Osteogenesis imperfecta (OI), also known as brittle bone disease, is a group of inherited disorders that mainly affect the bones, causing them to be fragile and easily broken. Type 3 osteogenesis imperfecta is a severe form of the disorder; its signs and symptoms fall between the very severe type II osteogenesis imperfecta and the milder type I osteogenesis imperfecta.
Type 3 osteogenesis imperfecta probably has a birth frequency of about 1 in 60,000.

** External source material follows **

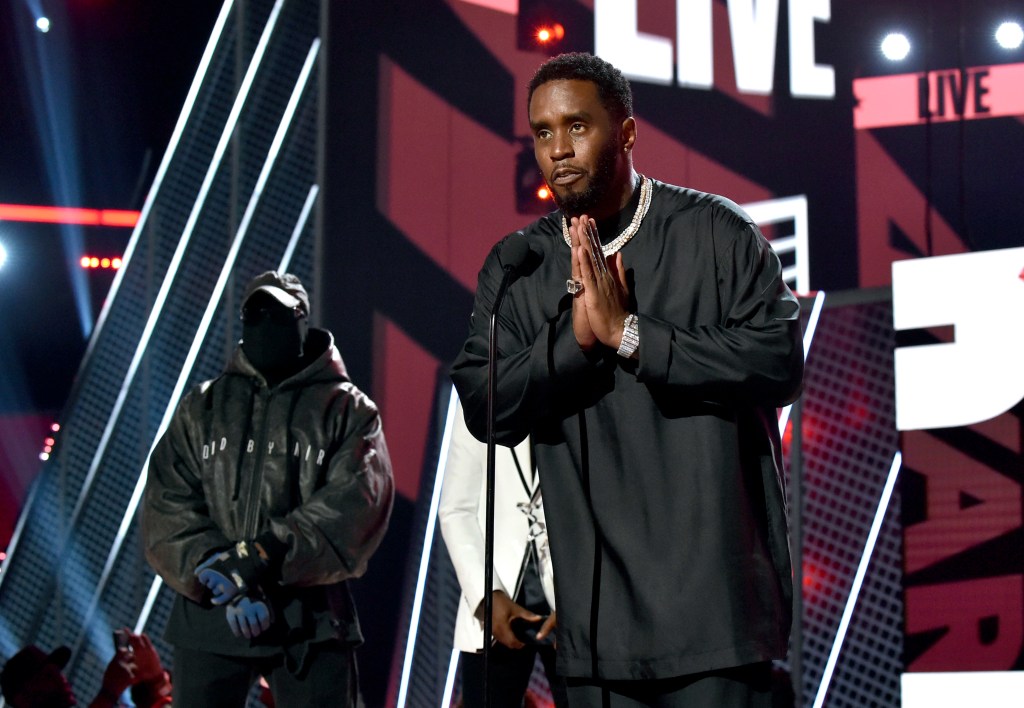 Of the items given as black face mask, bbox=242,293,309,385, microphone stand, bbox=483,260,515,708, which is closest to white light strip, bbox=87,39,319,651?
black face mask, bbox=242,293,309,385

Mutations in the COL1A1 and COL1A2 genes cause type 3 osteogenesis imperfecta. The proteins made by COL1A1 and COL1A2 genes are used to assemble larger molecules called type I collagen, the major protein in bones.
Collagens provide structure and strength to connective tissue (the type of tissue that forms a supportive framework for the body's muscles, ligaments, skin, and bones). Mutations in either gene prevent collagen molecules from being assembled correctly. This defect weakens connective tissue, particularly in bone, which causes the bone abnormalities seen in this condition.

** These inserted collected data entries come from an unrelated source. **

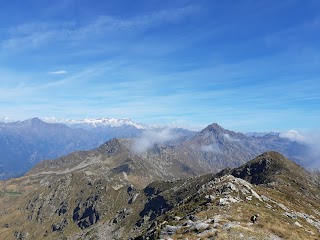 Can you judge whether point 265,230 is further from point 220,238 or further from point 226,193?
point 226,193

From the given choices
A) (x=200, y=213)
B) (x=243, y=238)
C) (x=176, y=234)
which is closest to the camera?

In some instances, type 3 osteogenesis imperfecta may result from mutations in other genes that have not yet been identified.
Type 3 osteogenesis imperfecta can be inherited in either an autosomal dominant or an autosomal recessive pattern. Most cases in North America and Europe are autosomal dominant, which means one copy of the altered gene is sufficient to cause type 3 osteogenesis imperfecta.
Rare cases are autosomal recessive, which means two copies of the gene must be altered to cause the condition. The autosomal recessive form of type 3 osteogenesis imperfecta is much more frequent in eastern Mediterranean and black South African populations, and usually results from mutations in genes other than COL1A1 and COL1A2.